Law School Case Brief
In re NCAA Ath. Grant-In-Aid Cap Antitrust Litig. - 375 F. Supp. 3d 1058 (N.D. Cal. 2019)
Restricting non-cash education-related benefits and academic awards that can be provided on top of a grant-in-aid has not been proven to be necessary to preserving consumer demand for Division I basketball and FBS football as a product distinct from professional sports. Where challenged NCAA rules have severe anticompetitive effects and student-athlete are harmed as a result of the challenged rules, the rules violate federal antitrust laws because the rules deprive student-athletes of compensation that they would otherwise receive for their athletic services.

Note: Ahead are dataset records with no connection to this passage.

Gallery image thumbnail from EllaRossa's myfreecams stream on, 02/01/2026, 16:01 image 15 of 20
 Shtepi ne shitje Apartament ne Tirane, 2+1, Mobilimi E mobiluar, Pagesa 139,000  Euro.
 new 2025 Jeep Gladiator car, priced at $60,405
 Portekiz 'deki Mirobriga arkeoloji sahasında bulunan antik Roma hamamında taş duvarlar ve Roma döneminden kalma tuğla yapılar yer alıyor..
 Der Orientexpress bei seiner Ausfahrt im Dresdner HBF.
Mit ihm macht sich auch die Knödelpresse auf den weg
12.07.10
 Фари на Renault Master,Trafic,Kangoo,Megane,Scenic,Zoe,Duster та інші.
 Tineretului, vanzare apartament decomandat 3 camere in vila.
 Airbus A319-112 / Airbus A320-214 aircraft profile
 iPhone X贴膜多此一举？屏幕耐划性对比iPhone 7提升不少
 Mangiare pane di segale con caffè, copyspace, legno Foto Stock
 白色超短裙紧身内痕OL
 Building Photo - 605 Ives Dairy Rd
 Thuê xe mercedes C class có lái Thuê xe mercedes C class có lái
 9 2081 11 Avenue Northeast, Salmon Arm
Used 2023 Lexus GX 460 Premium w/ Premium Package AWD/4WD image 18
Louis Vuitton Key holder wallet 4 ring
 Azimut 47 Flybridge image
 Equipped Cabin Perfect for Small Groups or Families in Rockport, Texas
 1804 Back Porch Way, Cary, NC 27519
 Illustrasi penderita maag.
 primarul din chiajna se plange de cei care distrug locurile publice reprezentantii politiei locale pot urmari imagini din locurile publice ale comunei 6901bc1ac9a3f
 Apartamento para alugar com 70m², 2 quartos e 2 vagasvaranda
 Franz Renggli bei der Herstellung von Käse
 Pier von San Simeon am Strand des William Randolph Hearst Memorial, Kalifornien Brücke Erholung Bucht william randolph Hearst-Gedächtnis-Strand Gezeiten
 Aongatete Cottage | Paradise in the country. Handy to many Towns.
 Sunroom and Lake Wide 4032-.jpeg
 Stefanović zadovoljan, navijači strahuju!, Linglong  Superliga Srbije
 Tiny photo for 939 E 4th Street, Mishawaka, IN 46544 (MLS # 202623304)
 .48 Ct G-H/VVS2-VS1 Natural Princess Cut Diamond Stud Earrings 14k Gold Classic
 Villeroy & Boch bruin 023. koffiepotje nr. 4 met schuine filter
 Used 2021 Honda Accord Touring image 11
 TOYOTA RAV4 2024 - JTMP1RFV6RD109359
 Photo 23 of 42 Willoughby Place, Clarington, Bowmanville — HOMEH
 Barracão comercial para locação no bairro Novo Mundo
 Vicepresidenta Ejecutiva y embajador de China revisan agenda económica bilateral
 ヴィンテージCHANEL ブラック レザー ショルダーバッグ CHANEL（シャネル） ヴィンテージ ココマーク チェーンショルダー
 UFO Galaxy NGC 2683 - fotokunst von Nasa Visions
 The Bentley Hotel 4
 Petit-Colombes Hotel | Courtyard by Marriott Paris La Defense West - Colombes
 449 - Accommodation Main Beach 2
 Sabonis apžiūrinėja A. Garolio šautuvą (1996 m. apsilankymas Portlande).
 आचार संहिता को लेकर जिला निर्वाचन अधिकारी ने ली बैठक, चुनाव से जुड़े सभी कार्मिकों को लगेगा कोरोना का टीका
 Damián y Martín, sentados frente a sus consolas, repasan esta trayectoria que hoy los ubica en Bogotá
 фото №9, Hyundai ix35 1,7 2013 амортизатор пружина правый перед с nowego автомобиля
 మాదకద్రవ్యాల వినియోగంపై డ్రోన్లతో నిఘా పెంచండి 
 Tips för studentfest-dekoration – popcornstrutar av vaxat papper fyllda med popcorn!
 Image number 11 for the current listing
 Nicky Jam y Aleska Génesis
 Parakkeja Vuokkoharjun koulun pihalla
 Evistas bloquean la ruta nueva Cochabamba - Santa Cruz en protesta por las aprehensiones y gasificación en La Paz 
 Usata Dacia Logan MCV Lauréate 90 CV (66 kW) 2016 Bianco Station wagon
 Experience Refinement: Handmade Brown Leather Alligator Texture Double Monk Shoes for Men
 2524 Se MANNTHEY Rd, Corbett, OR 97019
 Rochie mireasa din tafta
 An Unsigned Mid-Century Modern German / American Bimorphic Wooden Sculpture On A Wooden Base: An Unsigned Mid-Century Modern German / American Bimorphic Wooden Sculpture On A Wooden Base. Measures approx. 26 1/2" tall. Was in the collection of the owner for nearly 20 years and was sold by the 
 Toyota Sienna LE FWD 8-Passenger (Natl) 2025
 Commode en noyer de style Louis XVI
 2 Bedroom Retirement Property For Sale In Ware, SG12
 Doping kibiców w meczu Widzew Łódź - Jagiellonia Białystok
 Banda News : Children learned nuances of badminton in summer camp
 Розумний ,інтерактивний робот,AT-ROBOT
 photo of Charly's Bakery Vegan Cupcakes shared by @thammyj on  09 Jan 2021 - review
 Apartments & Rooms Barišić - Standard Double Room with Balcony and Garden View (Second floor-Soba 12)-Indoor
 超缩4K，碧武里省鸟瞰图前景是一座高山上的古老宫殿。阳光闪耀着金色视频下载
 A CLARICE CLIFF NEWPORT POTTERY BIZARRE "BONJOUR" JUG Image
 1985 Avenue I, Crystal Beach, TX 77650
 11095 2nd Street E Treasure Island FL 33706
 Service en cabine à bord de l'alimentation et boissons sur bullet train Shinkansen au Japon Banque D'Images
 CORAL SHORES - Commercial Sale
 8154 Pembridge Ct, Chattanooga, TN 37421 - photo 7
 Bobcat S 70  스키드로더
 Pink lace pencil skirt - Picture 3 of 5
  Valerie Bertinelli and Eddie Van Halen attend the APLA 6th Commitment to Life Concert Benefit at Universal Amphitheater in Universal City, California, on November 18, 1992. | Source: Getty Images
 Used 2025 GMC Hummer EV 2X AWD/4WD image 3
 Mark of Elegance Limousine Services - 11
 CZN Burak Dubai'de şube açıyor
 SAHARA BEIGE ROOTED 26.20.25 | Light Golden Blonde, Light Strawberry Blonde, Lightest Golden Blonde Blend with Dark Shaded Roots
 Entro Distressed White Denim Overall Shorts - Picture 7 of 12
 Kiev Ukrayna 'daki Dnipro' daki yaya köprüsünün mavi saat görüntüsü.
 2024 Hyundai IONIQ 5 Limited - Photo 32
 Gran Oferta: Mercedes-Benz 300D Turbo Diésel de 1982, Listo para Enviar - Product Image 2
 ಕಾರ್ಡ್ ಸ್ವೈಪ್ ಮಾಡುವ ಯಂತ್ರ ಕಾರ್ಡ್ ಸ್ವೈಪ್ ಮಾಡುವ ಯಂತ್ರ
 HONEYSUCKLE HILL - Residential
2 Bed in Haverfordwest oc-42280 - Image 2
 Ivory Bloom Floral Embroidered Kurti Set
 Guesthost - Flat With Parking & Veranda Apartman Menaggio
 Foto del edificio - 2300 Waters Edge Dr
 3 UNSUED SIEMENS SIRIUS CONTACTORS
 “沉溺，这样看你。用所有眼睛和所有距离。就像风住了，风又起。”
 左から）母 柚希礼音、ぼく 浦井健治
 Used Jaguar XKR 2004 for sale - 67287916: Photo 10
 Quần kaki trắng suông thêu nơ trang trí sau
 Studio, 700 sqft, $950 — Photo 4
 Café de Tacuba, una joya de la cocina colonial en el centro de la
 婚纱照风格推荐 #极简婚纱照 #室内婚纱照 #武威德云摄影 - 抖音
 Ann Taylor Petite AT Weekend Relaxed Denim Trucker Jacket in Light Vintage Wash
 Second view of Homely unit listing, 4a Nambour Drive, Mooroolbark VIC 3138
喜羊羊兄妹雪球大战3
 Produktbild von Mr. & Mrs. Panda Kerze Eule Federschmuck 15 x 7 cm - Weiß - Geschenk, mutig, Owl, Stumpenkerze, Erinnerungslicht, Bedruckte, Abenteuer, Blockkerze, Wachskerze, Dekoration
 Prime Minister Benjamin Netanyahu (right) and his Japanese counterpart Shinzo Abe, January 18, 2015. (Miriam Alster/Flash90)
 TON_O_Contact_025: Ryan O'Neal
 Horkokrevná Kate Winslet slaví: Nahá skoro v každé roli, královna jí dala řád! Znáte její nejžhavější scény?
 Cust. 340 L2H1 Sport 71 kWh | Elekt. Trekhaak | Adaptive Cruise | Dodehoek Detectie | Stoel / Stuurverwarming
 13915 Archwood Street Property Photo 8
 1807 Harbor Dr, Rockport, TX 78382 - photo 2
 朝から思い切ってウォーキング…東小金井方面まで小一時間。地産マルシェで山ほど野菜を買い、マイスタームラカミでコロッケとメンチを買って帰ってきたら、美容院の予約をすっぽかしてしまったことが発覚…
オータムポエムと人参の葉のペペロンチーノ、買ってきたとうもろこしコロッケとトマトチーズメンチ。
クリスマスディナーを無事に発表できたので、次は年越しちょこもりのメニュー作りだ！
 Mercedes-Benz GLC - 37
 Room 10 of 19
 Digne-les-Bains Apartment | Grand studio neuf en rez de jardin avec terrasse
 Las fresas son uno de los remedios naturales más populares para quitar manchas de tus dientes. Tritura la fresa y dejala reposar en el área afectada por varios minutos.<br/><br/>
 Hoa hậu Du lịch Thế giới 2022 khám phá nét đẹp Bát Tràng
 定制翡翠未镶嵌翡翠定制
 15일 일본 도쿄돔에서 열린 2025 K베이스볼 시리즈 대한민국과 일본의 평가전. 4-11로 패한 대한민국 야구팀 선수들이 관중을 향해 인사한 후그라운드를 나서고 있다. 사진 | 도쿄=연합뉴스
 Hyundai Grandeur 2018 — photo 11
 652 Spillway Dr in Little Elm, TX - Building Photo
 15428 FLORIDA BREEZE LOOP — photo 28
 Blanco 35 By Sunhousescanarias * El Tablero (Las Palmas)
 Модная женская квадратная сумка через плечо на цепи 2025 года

Plaintiffs, who were current and former student-athletes who played men's Division I Football Bowl Subdivision (FBS) football and men's and women's Division I basketball, challenged the set of National Collegiate Athletic Association (NCAA) rules that limit the compensation they may receive in exchange for their athletic services. Plaintiffs contended that these limits on compensation, which are set and enforced by agreement of defendants, violated federal antitrust law, because Plaintiffs would receive greater compensation in exchange for their athletic services in the absence of these artificial limits. The defendants responded that the limits were procompetitive for two reasons. First, the limits helped preserve the demand for college sports because consumers value amateurism as defendants define it. Second, the rules promoted integration of student-athletes into their academic communities, which in turn improved the college education they receive in exchange for their services.
In an action by collegiate student-athletes challenging NCAA rules that limited the compensation they may receive in exchange for their athletic services, did the rules violate federal antitrust law because plaintiffs would receive greater compensation in exchange for their athletic services in the absence of the purported artificial limits?
The United States District Court for the Northern District of California found that the NCAA did restrain trade in the relevant market, affecting interstate commerce, and that the challenged limits on student-athlete compensation produced significant anticompetitive effects. The Court further held that the only procompetitive effect that defendants established, namely preventing unlimited cash payments, unrelated to education, similar to those observed in professional sports, could be achieved through less restrictive means. Specifically, the Court found that an alternative compensation scheme that would allow limits on the grant-in-aid scholarships at not less than the cost of attendance and limits on compensation and benefits unrelated to education, but that would generally prohibit the NCAA from limiting education-related benefits, would be virtually as effective as the challenged rules in achieving the only procompetitive effect that defendants have shown here. The only education-related compensation that the NCAA could limit under this alternative would be academic or graduation awards or incentives, provided in cash or cash-equivalent. The Court declared that the limit imposed by the NCAA could not be less than its current or future caps on athletics participation awards and allowing each conference and its member schools to provide additional education-related benefits without NCAA caps and prohibitions, as well as academic awards, will help ameliorate their anticompetitive effects and may provide some of the compensation student-athletes would have received absent Defendants' agreement to restrain trade. Restricting non-cash education-related benefits and academic awards that can be provided on top of a grant-in-aid has not been proven to be necessary to preserving consumer demand for Division I basketball and FBS football as a product distinct from professional sports. The Court entered a separate permanent injunction barring the restraints that were found to be overly and unnecessarily restrictive.